Me acostumbré a sentirme un poco de los dos sitios y de ninguno, a que mis primos empezasen a hablar euskera y yo no, a que los padres de mis amigos hubiesen estudiado en nuestro mismo colegio o a que sus abuelos pudieran decir cómo era Cádiz hace 40 años. Me acostumbré a observar aspectos de las dos culturas como míos y a la vez como ajenos, pero no era consciente de ello. Lo fui bastantes años después, al venir a vivir a Madrid, y lo he corroborado hace poco, en mi última visita a la tierra en la que nací y, sobre todo, donde crecieron mis padres, para mí lo más importante.

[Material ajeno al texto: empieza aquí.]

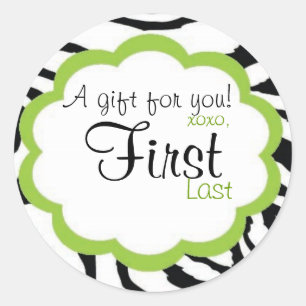 Funky Zebra Gepersonaliseerde Gift Sticker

Vi que lo que toda mi vida he observado como casi una molestia (la cantinela aprendida de «no, nací en Bilbao, mi familia es de allí, pero me he criado en Cádiz, blablabla»), aunque molestia no sea la palabra exacta, pero sí una suerte de marca, en realidad es una gran ventaja; porque conozco aspectos de los dos sitios que seguramente el nacido y crecido allí (el «born and raised» que dicen los ingleses, tan suyos ellos) no es capaz de ver con perspectiva. Así, sé que el andaluz puede ser egoísta y criticón, pero es acogedor y cariñoso, que el vasco tiene carácter difícil y hermético pero que si haces un amigo de allí probablemente te dure toda la vida; que unos están marcados por el sol y el mar y los otros por la bruma y la ría.

La historia de las naciones y las culturas es un cuento tan viejo como el mismo mundo. A mí no es que no me gusten; es que creo que no sabemos interpretarlas. Si las interpretásemos como riqueza cultural, diversidad, diversidad de lenguas, de literaturas, de músicas, de paisajes, de caracteres… porque es lo que yo he vivido. Ahora me gusta mi cantinela, y la repito siempre que puedo.